- [MATERIAL FOR THIS EXERCISE]:
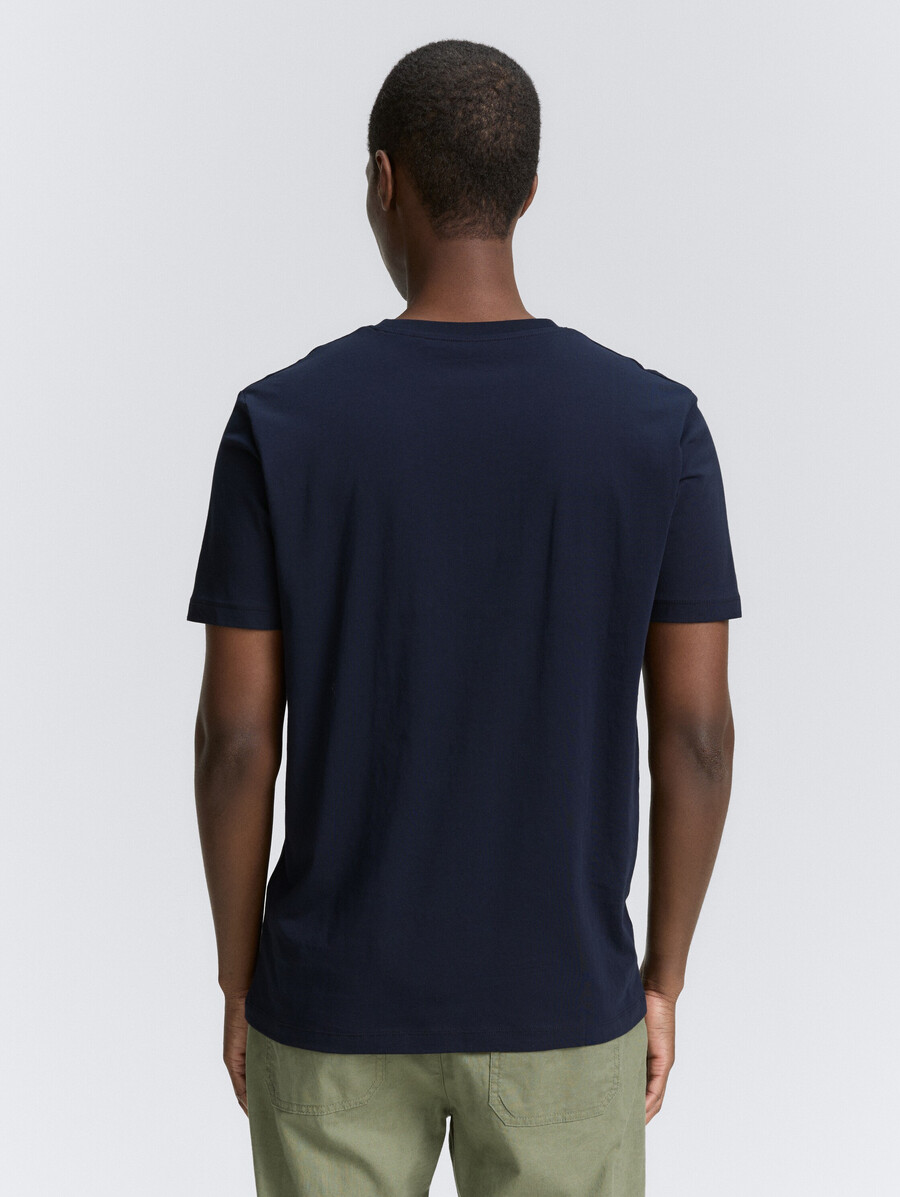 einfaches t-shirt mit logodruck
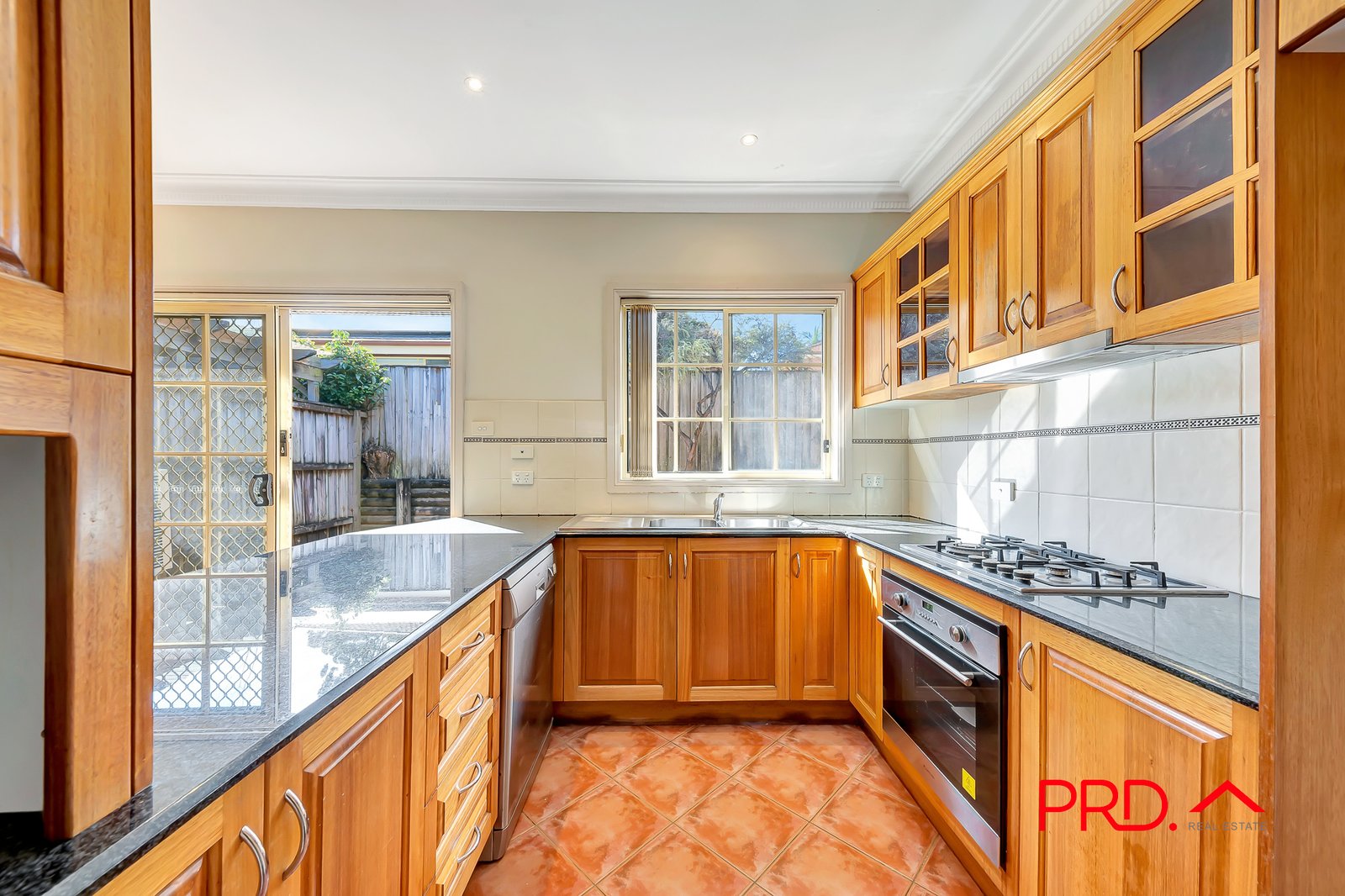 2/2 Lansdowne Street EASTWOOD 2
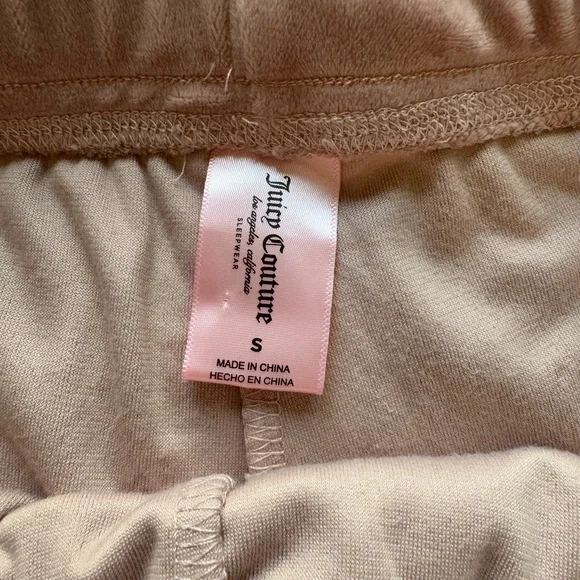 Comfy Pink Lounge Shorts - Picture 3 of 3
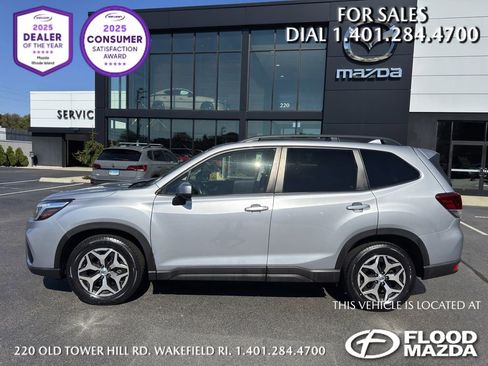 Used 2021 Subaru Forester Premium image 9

==

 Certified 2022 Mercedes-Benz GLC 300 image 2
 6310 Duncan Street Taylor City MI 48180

* * *

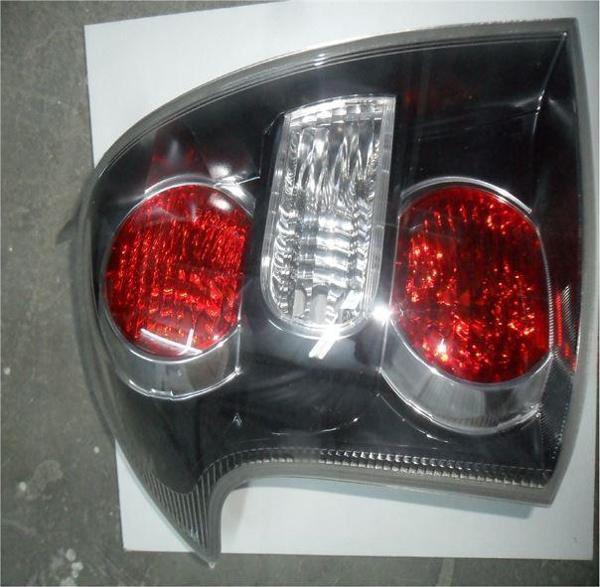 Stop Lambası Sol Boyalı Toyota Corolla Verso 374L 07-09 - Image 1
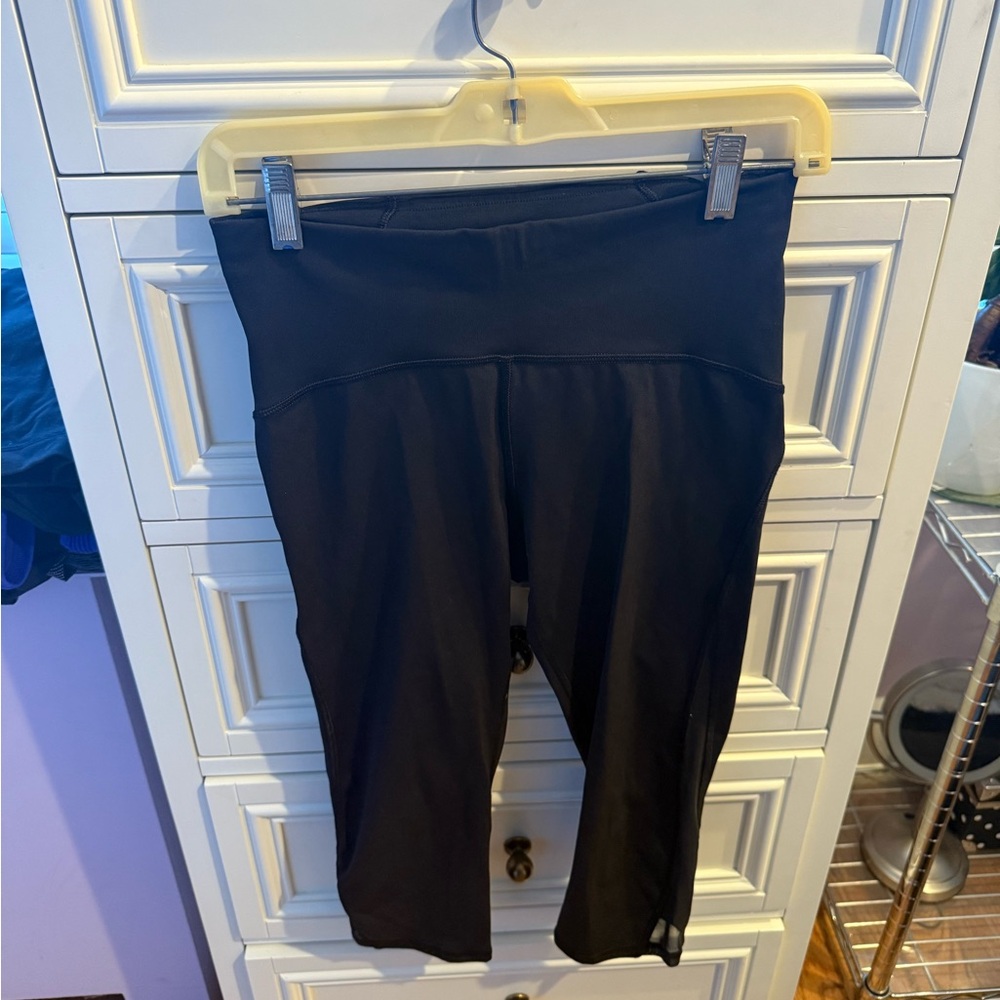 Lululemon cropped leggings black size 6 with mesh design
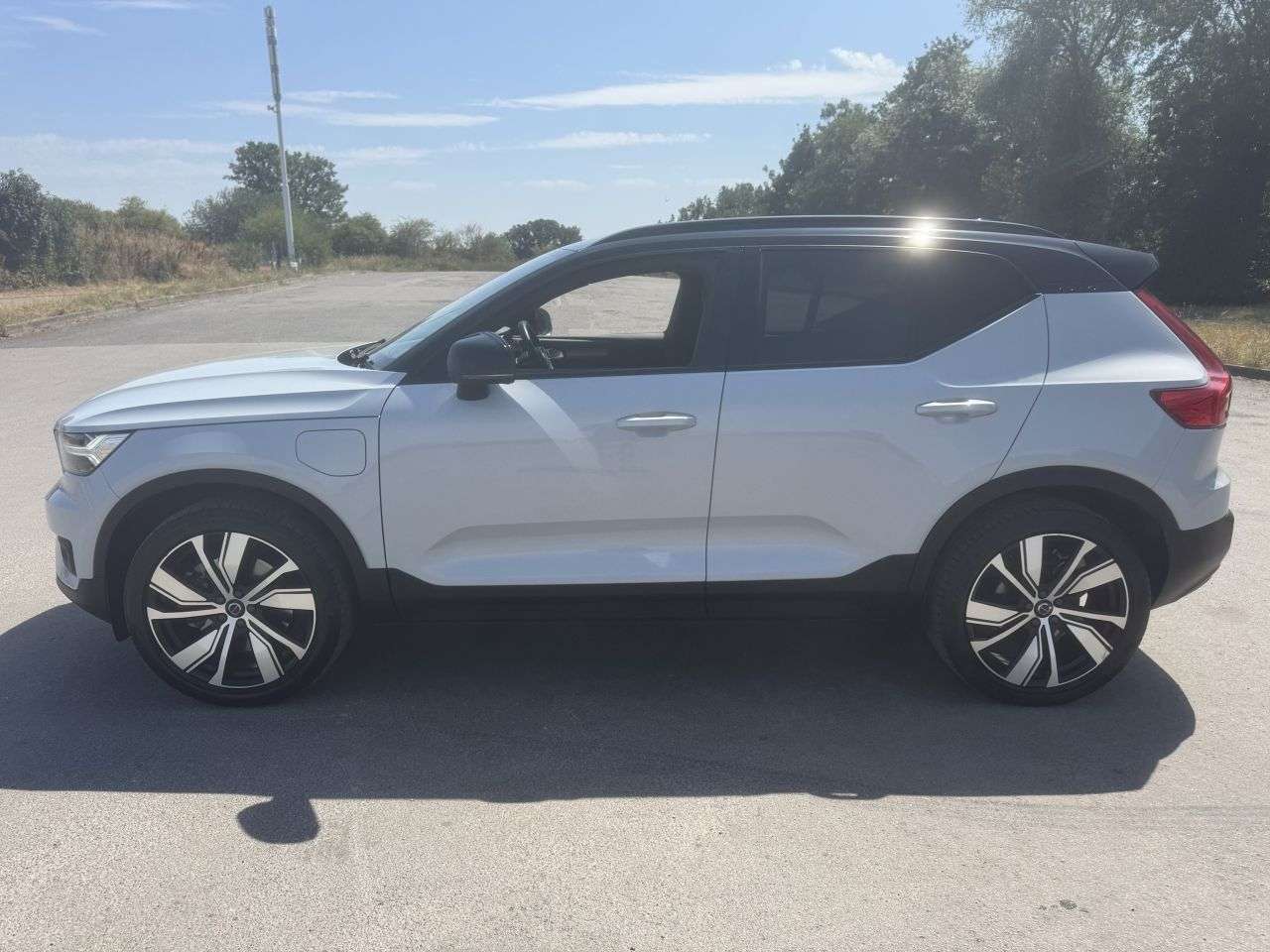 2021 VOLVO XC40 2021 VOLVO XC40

- [TASK OBJECTIVE]: Within the material above, find the part that opens with the line containing "einfaches t-shirt mit logodruck" and closes with the line containing "Used 2021 Subaru Forester Premium image 9", and reproduce it exactly without the pictures.

- [PROBLEM SOLUTION]:
 einfaches t-shirt mit logodruck
 2/2 Lansdowne Street EASTWOOD 2
 Comfy Pink Lounge Shorts - Picture 3 of 3
 Used 2021 Subaru Forester Premium image 9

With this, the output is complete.